What is being asked | Without changing a word, copy every line of the listing below and leave out the images.
++++ Information provided
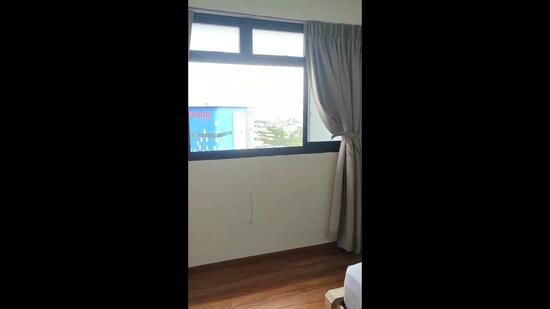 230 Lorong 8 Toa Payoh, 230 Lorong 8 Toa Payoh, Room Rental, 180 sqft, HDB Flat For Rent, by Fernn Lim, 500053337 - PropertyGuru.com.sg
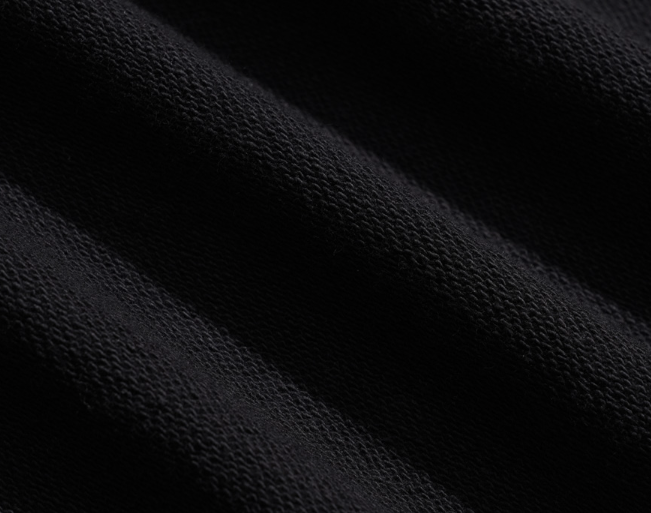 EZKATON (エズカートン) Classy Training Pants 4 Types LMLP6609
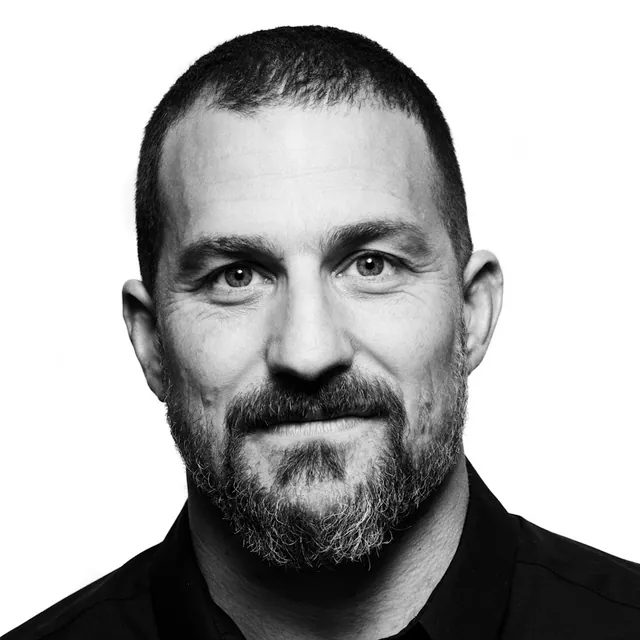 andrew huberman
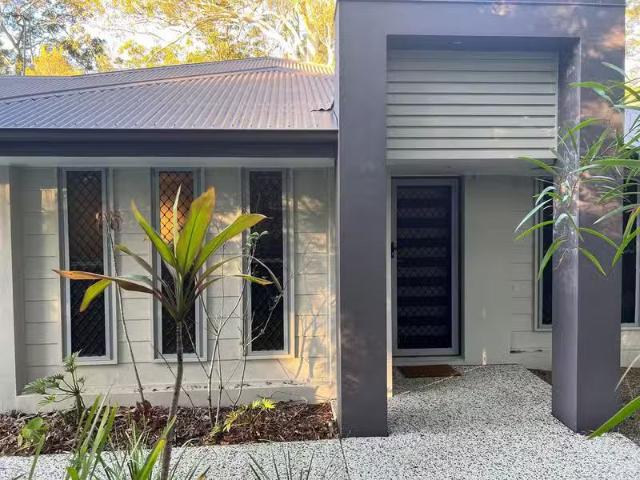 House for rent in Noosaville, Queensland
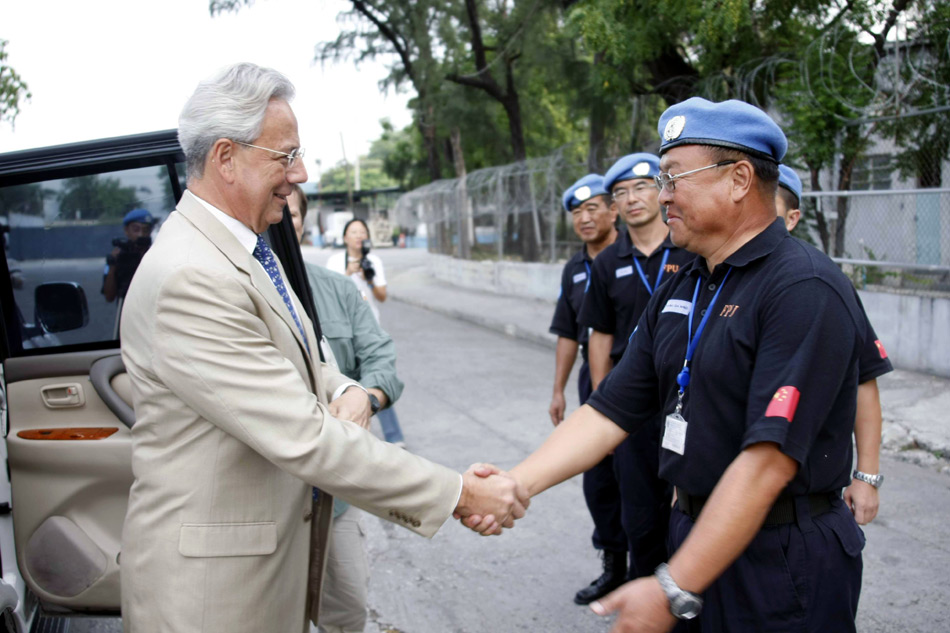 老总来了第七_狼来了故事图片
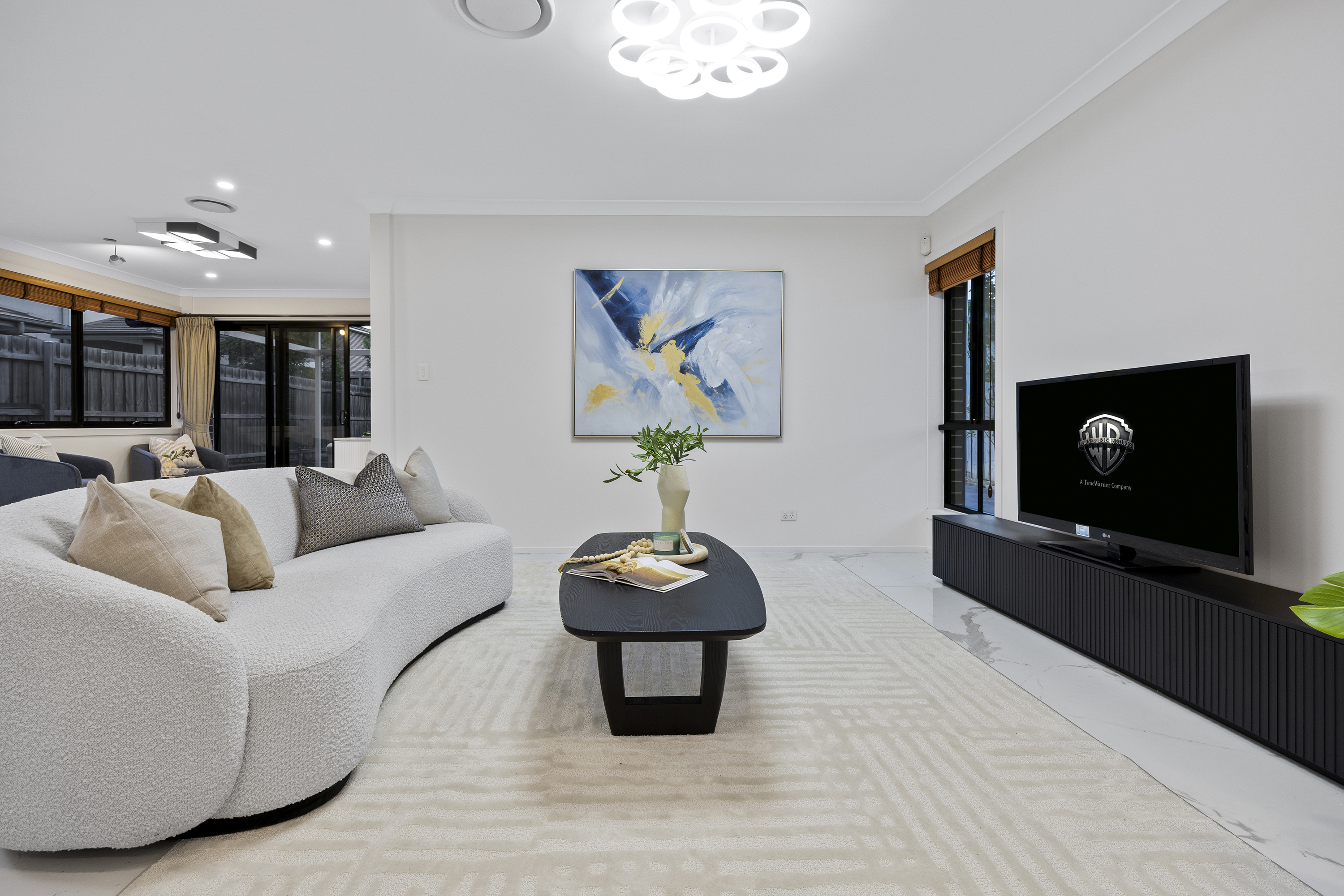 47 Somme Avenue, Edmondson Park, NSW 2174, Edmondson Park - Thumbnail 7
++++++++
Solution to this exercise |
 230 Lorong 8 Toa Payoh, 230 Lorong 8 Toa Payoh, Room Rental, 180 sqft, HDB Flat For Rent, by Fernn Lim, 500053337 - PropertyGuru.com.sg
 EZKATON (エズカートン) Classy Training Pants 4 Types LMLP6609
 andrew huberman
 House for rent in Noosaville, Queensland
 老总来了第七_狼来了故事图片
 47 Somme Avenue, Edmondson Park, NSW 2174, Edmondson Park - Thumbnail 7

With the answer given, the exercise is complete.